Work instruction: Each line in the listing below that includes "with" should be counted; give the total and nothing more.

Data records:
========================

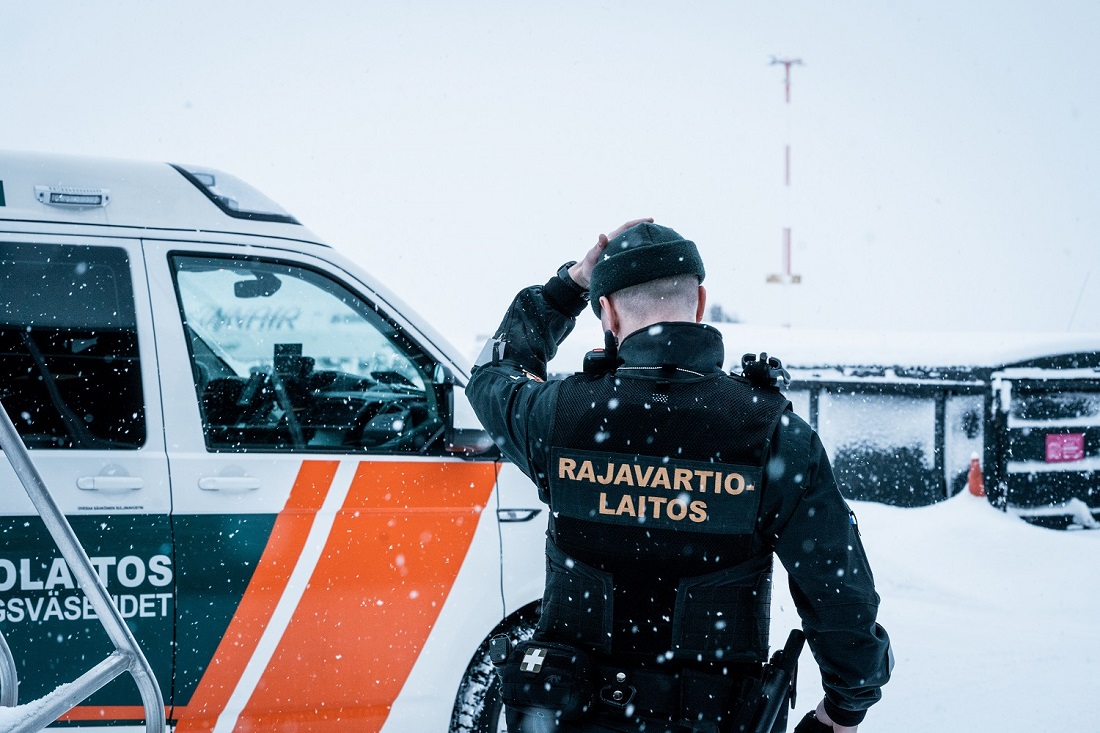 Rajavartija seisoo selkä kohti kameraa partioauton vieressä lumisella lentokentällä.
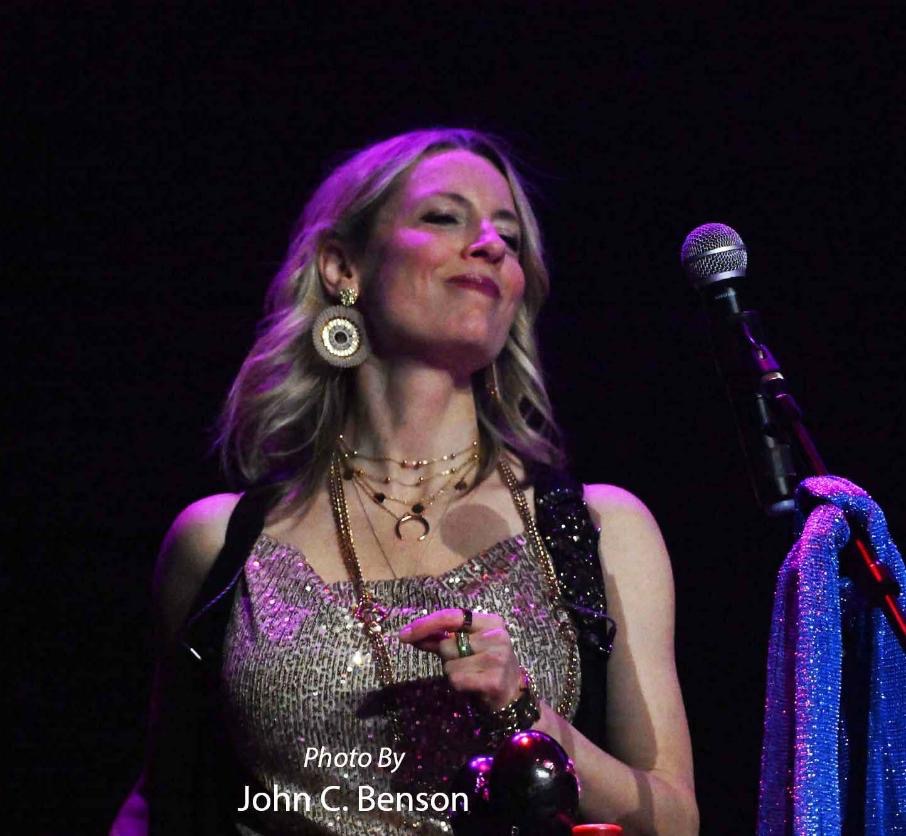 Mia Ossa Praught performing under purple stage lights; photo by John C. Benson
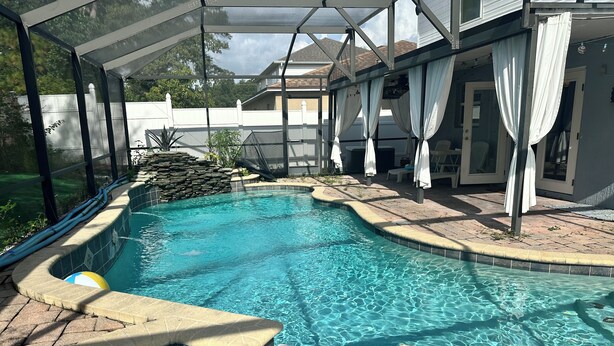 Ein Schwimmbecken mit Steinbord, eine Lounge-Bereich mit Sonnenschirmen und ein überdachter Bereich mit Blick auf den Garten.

========================

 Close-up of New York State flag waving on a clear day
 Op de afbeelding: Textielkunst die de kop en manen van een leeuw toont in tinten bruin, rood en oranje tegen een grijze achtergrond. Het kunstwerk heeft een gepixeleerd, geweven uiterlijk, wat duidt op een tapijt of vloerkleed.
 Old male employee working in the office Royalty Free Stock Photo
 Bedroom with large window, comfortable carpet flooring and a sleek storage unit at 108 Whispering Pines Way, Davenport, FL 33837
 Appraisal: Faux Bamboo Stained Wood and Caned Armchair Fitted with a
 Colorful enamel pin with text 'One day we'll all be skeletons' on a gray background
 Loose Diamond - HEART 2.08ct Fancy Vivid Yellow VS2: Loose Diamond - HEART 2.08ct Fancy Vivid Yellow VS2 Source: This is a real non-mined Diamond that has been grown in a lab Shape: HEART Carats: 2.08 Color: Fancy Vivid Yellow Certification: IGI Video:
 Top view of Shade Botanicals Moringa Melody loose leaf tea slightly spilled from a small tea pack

========================

Exercise output: 3